Practical Ways to Observe the Fall Feasts: Family Style

Fall is approaching fast which means the Biblical Fall Feasts are right around the corner. If you’re new to observing the feasts, click here to read more about them. If you’re not so new but looking for practical ways to observe them with your family then keep reading.

A few years ago when we first started getting in touch with our Hebrew heritage, we had no idea what we were doing. Fast forward to today and we’re still navigating the roads between Truth and tradition and ensuring that we are doing what Scripture says. Our family has also grown by two more kiddos since pursuing Torah, so that has been interesting in and of itself.

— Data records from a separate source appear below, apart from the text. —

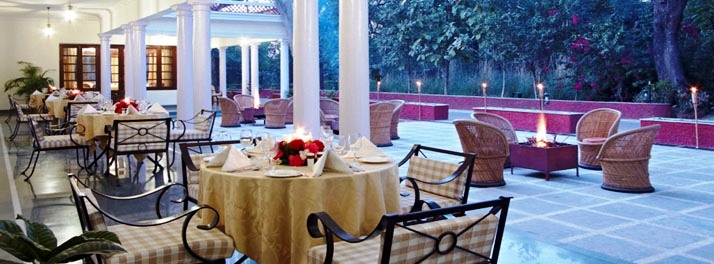 556/Vivanta by Taj Sawai Madhopur Lodge - Sawai Madhopur 10.jpg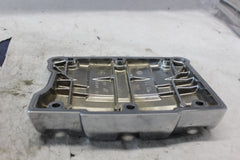 Rocker Top Cover Chrome 17572-99 2001 H-D SOFTAIL DUECE FXSTD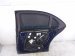 2020 Mercedes S560 Rear Passenger Door Blue No Inside Trim 222 730 02 05 Replacement 2020 Mercedes S560 Rear Passenger Door Blue No Inside Trim 222 730 02 05 Replacement thumbnail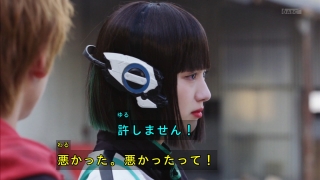 Thumbnail of post image 026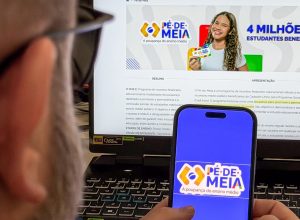 © Rafa Neddermeyer/Agência Brasil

When it comes to understanding what Scripture says to do, it’s not so hard when you have proper context. Majority of us who are pursuing Torah have similar backgrounds of being told that certain laws and commandments were done away with – so why attempt to follow them?

Without going off on a tangent, the simply answer is because YHVH said so and it is what sets His people apart… plus they are a blessing, and we’ll be doing them in the Millennial Reign… so why not?!

So let’s talk about how to teach our kiddos about these amazing appointed times, rally together some reliable resources, and get ready to have a Spirit-filled feast season.

Before going into detail about each individual Fall feast, something you can be sure to do is read Scripture about each feast. Gather together on the couch and read the Word together!

Yom Teruah

Scripture says in Leviticus 23:24-25 “Speak to the children of Israel, saying, ‘In the seventh new moon, on the first day of the new moon, you have a rest, a remembrance of Teruah, a set-apart gathering. You do no servile work, and you shall bring an offering made by fire to YHVH.” I won’t get into why we don’t do sacrifices today, but I will say that we still observe this day by not working and gathering with others (if able).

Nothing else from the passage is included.